Copy exactly the lines of the data below that run from the line holding "Kit Tiara Zalike de Tecido" through the line holding "The Weakest of", both ends included.

___ Provided data ___

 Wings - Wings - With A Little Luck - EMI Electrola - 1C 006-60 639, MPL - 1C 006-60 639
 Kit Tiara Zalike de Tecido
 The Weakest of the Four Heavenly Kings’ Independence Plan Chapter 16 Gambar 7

___
___ Provided data ___

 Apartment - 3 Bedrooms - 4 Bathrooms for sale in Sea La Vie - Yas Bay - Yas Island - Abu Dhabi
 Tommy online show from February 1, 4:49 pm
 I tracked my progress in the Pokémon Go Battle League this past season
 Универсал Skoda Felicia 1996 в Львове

___
___ Provided data ___

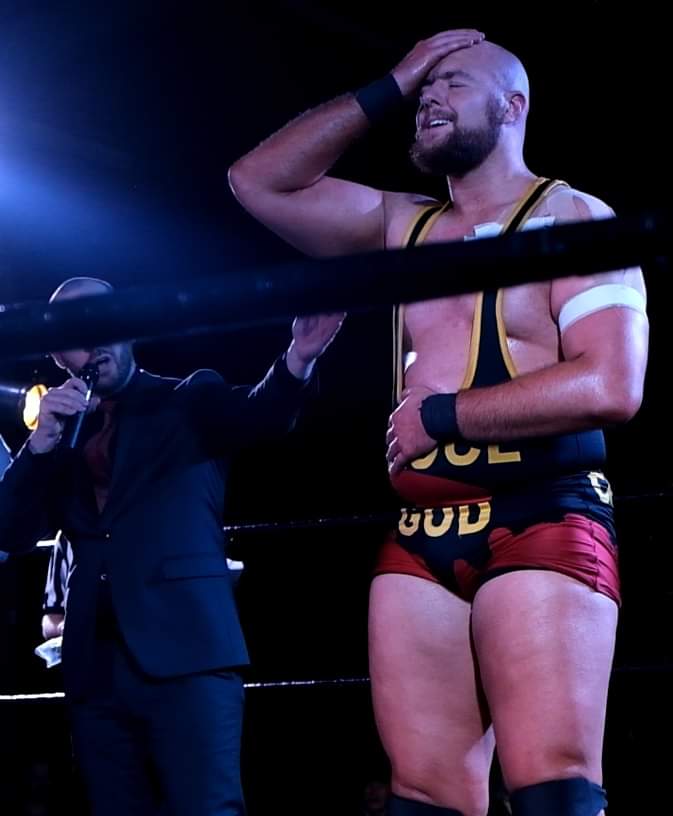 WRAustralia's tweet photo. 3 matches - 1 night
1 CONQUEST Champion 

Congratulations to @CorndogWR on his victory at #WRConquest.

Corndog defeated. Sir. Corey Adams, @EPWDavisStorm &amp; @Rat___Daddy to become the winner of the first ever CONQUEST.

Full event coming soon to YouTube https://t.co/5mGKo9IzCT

___

* **Answer space**
 Kit Tiara Zalike de Tecido
 The Weakest of the Four Heavenly Kings’ Independence Plan Chapter 16 Gambar 7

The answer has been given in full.